Everything You Need To Know About Blockchain Technology – Spiceworks News and Insights

Data can only be deleted or modified with network consensus in a blockchain database.

Blockchain is defined as cutting-edge database technology that drives transparent data-sharing over a network. Blockchain databases retain chronological consistency, preventing data from being deleted or modified without network consensus. Developers can use this feature to create a secure, immutable ledger for tracking values such as payments, orders, and user accounts. This article covers the meaning, working, types, and uses of blockchain.

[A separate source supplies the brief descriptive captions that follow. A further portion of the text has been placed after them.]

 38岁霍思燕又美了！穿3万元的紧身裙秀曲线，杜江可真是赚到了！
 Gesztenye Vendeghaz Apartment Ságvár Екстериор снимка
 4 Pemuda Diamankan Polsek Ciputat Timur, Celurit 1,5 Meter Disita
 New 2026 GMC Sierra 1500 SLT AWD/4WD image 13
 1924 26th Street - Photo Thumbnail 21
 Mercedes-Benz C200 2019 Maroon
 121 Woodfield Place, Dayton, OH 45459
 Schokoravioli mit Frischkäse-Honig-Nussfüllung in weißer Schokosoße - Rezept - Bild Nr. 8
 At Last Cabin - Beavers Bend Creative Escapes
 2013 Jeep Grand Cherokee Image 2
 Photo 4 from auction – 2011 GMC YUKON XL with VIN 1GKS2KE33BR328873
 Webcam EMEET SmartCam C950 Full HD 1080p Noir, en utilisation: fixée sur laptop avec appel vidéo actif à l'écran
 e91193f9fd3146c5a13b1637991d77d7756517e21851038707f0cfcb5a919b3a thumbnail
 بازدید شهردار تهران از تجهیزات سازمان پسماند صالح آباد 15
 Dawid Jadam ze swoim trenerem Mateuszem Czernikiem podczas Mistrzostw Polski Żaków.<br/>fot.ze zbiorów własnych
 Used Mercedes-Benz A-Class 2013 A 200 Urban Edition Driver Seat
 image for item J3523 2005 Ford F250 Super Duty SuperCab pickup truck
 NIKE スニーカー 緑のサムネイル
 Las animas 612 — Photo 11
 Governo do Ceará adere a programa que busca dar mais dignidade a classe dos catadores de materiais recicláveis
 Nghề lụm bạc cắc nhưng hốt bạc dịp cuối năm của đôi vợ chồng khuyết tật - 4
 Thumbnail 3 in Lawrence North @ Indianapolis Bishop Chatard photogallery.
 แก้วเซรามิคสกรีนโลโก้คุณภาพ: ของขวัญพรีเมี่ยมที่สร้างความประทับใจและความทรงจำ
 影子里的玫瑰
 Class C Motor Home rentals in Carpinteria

Blockchain is a cutting-edge database technology that drives transparent data-sharing over a network. Blockchain databases retain chronological consistency, preventing data from being deleted or modified without network consensus. Developers can use this feature to create a secure, immutable ledger for tracking values such as payments, orders, and user accounts.
Blockchain gets its name due to its architecture: data is stored in ‘blocks’ connected in a ‘chain’. The block is the structure that records transactions, while the chain consists of numerous databases connected over a network using peer-to-peer nodes. Such a configuration, also known as a ‘digital ledger’, allows the system to support built-in mechanisms for preventing unauthorized entries. Users can access a consistent ‘shared view’ of data with it.
Despite its recent popularity, blockchain originated in the late 1970s. Ralph Merkle, a computer scientist, created the base for modern-day blockchain by patenting Hash trees. Also known as Merkle trees, these computer science structures store data using cryptography to link blocks.
Just before the turn of the millennium, W. Scott Stornetta and Stuart Haber created a system that used Hash trees to prevent document timestamps from being modified arbitrarily. And thus, the first instance of blockchain came into existence.
Today, blockchain is leveraged to record data securely. Making unauthorized changes to the information stored in a blockchain database is challenging. This is possible because the ‘distributed ledger’ created by blockchain duplicates and transmits the records of every transaction across the computers that are a part of the blockchain network.
Additionally, all ledger transactions in a blockchain-powered database are authorized by the user’s digital signature. This ensures the authenticity of every transaction and minimizes the risk of manipulation. In a way, a blockchain database can be thought of as a collaborative online spreadsheet. While everyone can see the information in the sheets and who added it, nobody can modify the existing entries.
Blockchain helps boost user efficiency through improved transparency, reduced risk of regulatory non-compliance, and smart contracts. Its chronological immutability is also leveraged by organizations to securely create, exchange, store, and retrieve digital transactions in an auditable format, making it ideal for audit processing.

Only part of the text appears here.